Bu bilimsel araştırmalar sayesinde teknolojik ilerlemeler oldu
ve nihayetinde, bilimciler elektriksel akışkanın kendisine
daha yakından bakabildiler.
1897 yılında, J.J. Thomson, İngiltere Cambridge'de çalışırken
elektriksel akışkanın aslında, fizikçi George Stoney
tarafından elektron olarak adlandırılan
küçük parçacıklardan
oluştuğunu keşfetti.
Böylece kehribarın eski Yunan dilindeki anlamına
yani hikayenin başına dönmüş olduk.
Bununla birlikte, hikayeye bir ekleme yapıldı.

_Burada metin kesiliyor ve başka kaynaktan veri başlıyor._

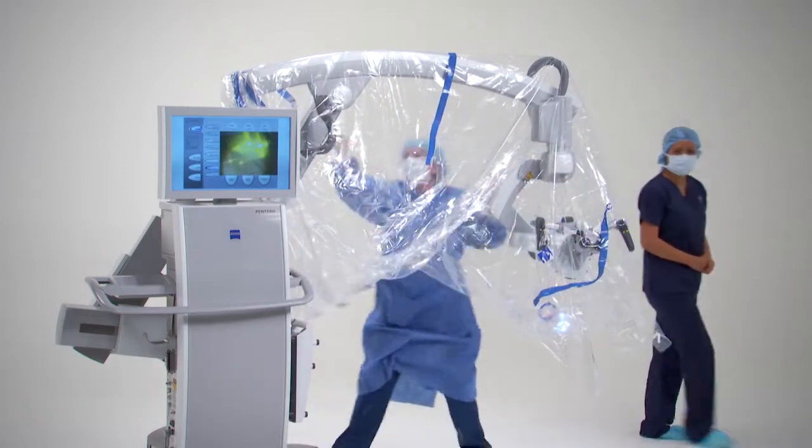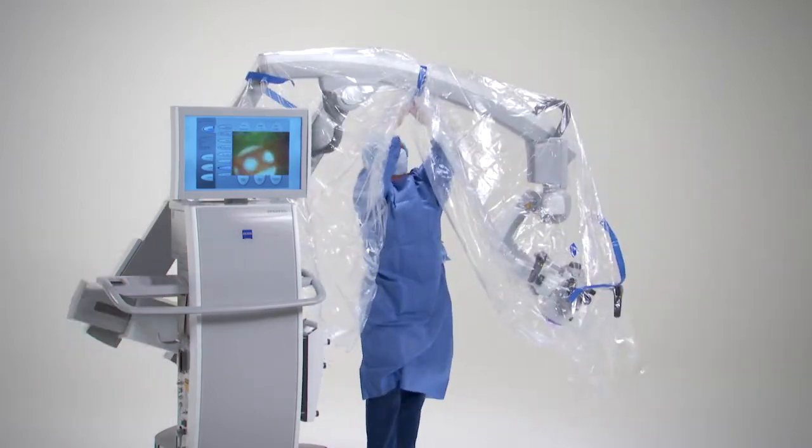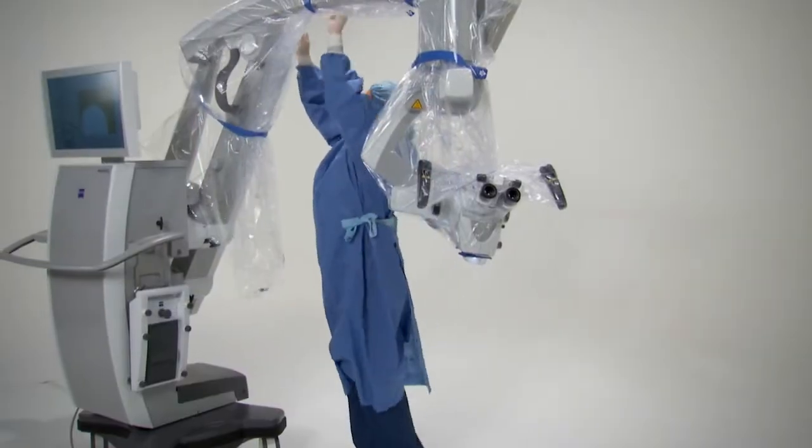Pull the drape over the rest of the arm. Using one of the straps, make the drape airtight at the farthest position.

Bu elektronların, Franklin'in varsaydığı yönün
ters yönünde aktıkları keşfedildi.
Dolayısıyla, pozitif yüklü nesnelerin
aşırı elektriksel akışkan yükü yoktu,
işin aslı elektron azlığı vardı.
Yine de, herşeyi yeniden ters etiketlemek yerine
insanlar Franklin'in terimlerini değiştirmemeye karar verip,
bir alışkanlık ve anlaşma olarak sürdürdü.
Elektronun keşfi duyurulurken,
Franklin'in elektriksel akışkan akışı,
"konvensiyonel akım" adını alarak kullanılmaya devam etti.
Elektron, konvensiyonel akımın hayaletsi nehrinde
akıntının tersi yönde yüzen
'elektriğin somon balığı' hâline geldi.
Bu düşüncelerin tarihçesine yabancı olanlar için
bu durum oldukça kafa karıştırıcı olsa gerek.
Umuyorum ki,
elektriksel terimlere dair bu kısa öykü sayesinde,
bu konunun başından geçen şans eseri ve kapris ürünü
olayları anlayıp, elektriksel olguların fiziği hakkında
daha net bir anlayış geliştirebileceksiniz.